Es ist immer schwierig, großen Ankündigungen die ganz bodenständigen tatsächlichen Handlungen folgen zu lassen. Aus diesem Artikel:

http://www.politico.com/news/stories/0109/18063.html

ist erkennbar, dass auch die Regierung Obama wohl Zurückhaltung an den Tag legen wird, wenn es darum geht, etwa die juristische Beratung in Folterdingen (straf-)rechtlich zu evaluieren. So soll einer der damaligen Protagonisten, der Rechtsprofessor Yoo, der in einem Memorandum für das Weiße Haus den Präsidenten in Kriegszeiten als über Recht und Gesetz stehend beurteilte, und Folter so eng definierte, dass sie selbst bei offensichtlichen Fällen nicht vorliegen soll, nun gegen die Klage eines Folteropfers (Jose Padilla) verteidigt werden. In dieser Klage ist das Justice Department, da Yoo als Vertreter der US-Regierung angegriffen wird, auf der Beklagten-Seite. Die neue Politik Obamas kann nun von den Juristen des Departmenst in ihrer Beklagtenverterter-Rolle nicht vertreten werden.
Überhaupt gilt es als unwahrscheinlich, dass die (maßgeblich an den Folterentscheidungen beteiligten) Regierungsjuristen der Bush-Administration jemals in den USA angeklagt werden.

0

Endgültig scheint mir noch nicht entschieden, dass es zu keiner strafrechtlichen Aufarbeitung kommt:

Der neue Chef des US-Justizministeriums Eric Holder - zugleich Generalstaatsanwalt - hat während des Bestätigungsverfahrens eine Strafverfolgung von Regierungs- und Geheimdienstbeamten wegen Folterverhören nicht ausgeschlossen.

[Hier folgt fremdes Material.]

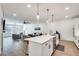 Open-concept living space with hardwood floors and a large island overlooking the living room at 1072 Brookglynn Trce, Decatur, GA 30032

Unmissverständlich bezeichnete er die von der Bush-Regierung verteidigte Verhör-Methode des simulierten Ertränkens ("Waterboarding") als Folter.

Der neue 58-jährige US-Justizminister gilt als enger Vertrauter des Präsidenten. Unter Präsident Bill Clinton hatte er schon den Vize-Posten im Ministerium inne, war Bundesrichter und verfolgte als Staatsanwalt politische Korruptionsfälle.